Physics from Video: Inspired by Hamiltonian/Lagrangian NN and PINNs, NND uses an encoder-only structure and universal Neural ODE to unify multiple dynamics into one framework, breaking the "one model per system" limitation.
Motion Controllable Backbones: Choosing the structured noise mechanism of Go-with-the-Flow is key to transforming physical states into controllable signals for deformation and rotation.
Inspiration: Injecting a "learnable physical simulator" as a plug-and-play prior into generative models can be extended to 3D generation, robotic world models, and controllable animation.

Rating¶

Novelty: ⭐⭐⭐⭐ Decoupling Newtonian dynamics via trainable Neural ODEs into a T2V pipeline using a unified 9D state + hybrid model is an elegant and fresh approach.
Experimental Thoroughness: ⭐⭐⭐⭐ Covers 12 motion types, 5 strong baselines, and multiple metrics. Solid ablations on MLP, data scale, and real videos.
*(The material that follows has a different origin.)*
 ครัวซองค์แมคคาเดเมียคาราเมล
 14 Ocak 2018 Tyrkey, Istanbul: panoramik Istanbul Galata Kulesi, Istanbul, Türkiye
Lacks large-scale evaluation on physics benchmarks like VBench or user studies.
Writing Quality: ⭐⭐⭐⭐ Clear motivation, well-structured categorization of physics-aware generation, with readable formulas and diagrams.
Value: ⭐⭐⭐⭐ Offers a lightweight, reproducible, and practical solution for "physics-credible + parameter-controllable" video generation, proving insightful for world model research.